To do :: Restate the data below word for word, and let no image into your version.

Dataset section ::
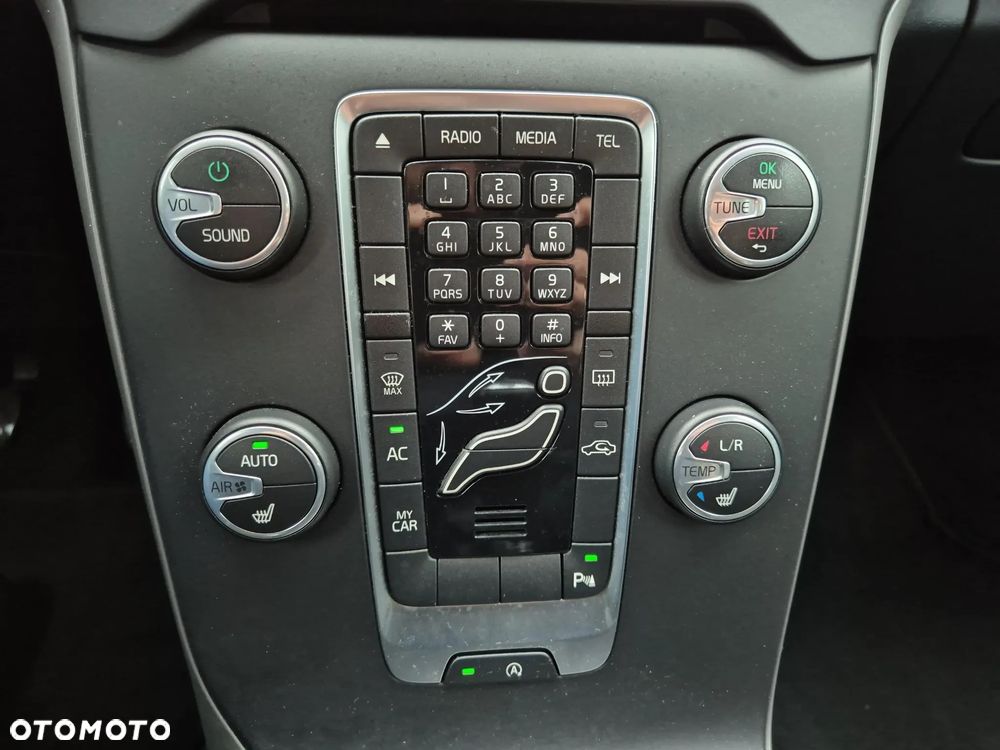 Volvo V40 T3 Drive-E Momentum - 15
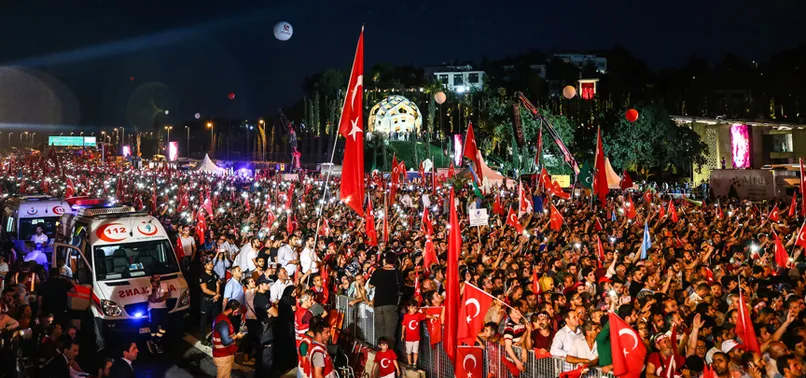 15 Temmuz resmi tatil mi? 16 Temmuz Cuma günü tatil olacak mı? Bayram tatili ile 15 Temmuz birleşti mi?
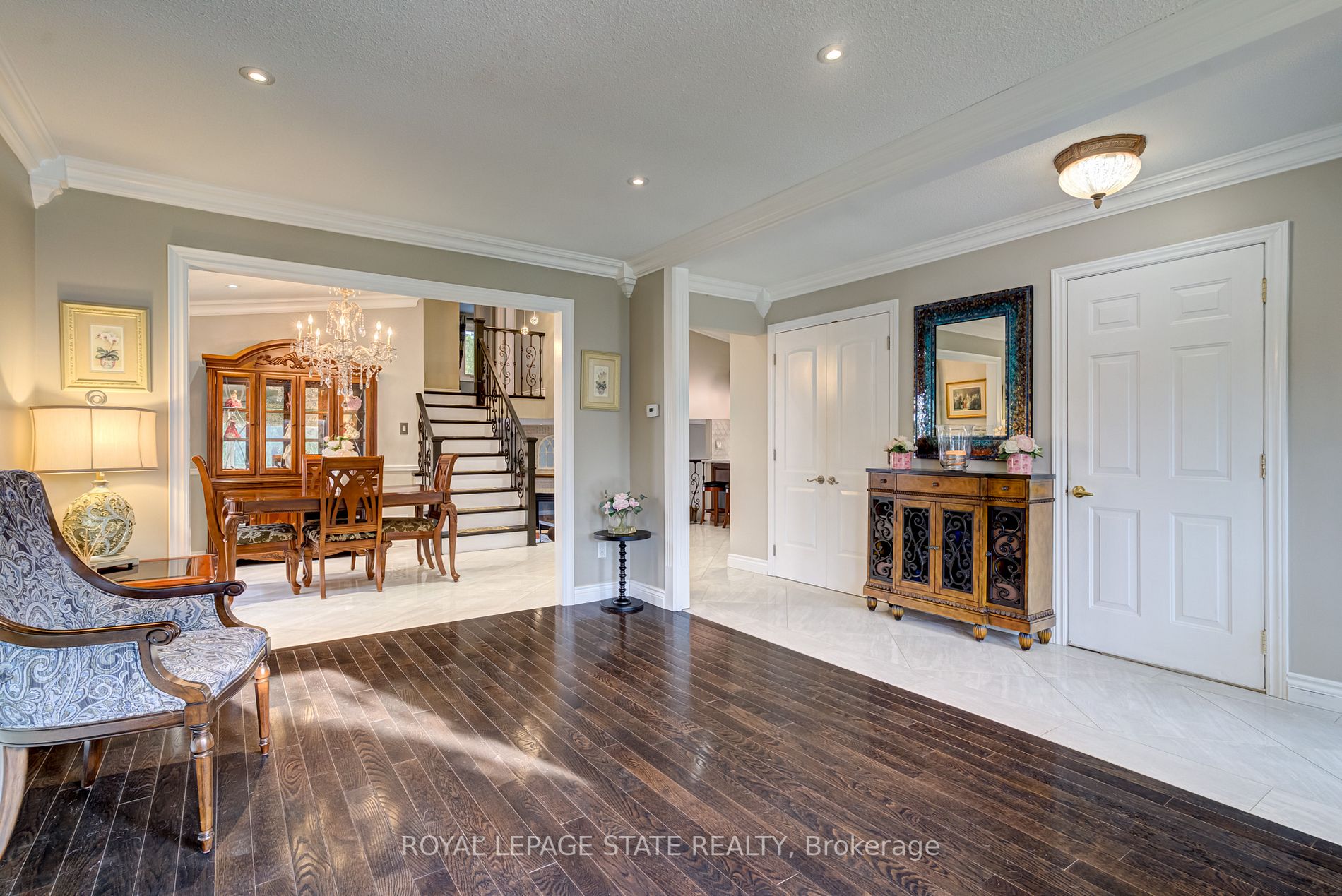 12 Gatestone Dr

Exercise answer ::
 Volvo V40 T3 Drive-E Momentum - 15
 15 Temmuz resmi tatil mi? 16 Temmuz Cuma günü tatil olacak mı? Bayram tatili ile 15 Temmuz birleşti mi?
 12 Gatestone Dr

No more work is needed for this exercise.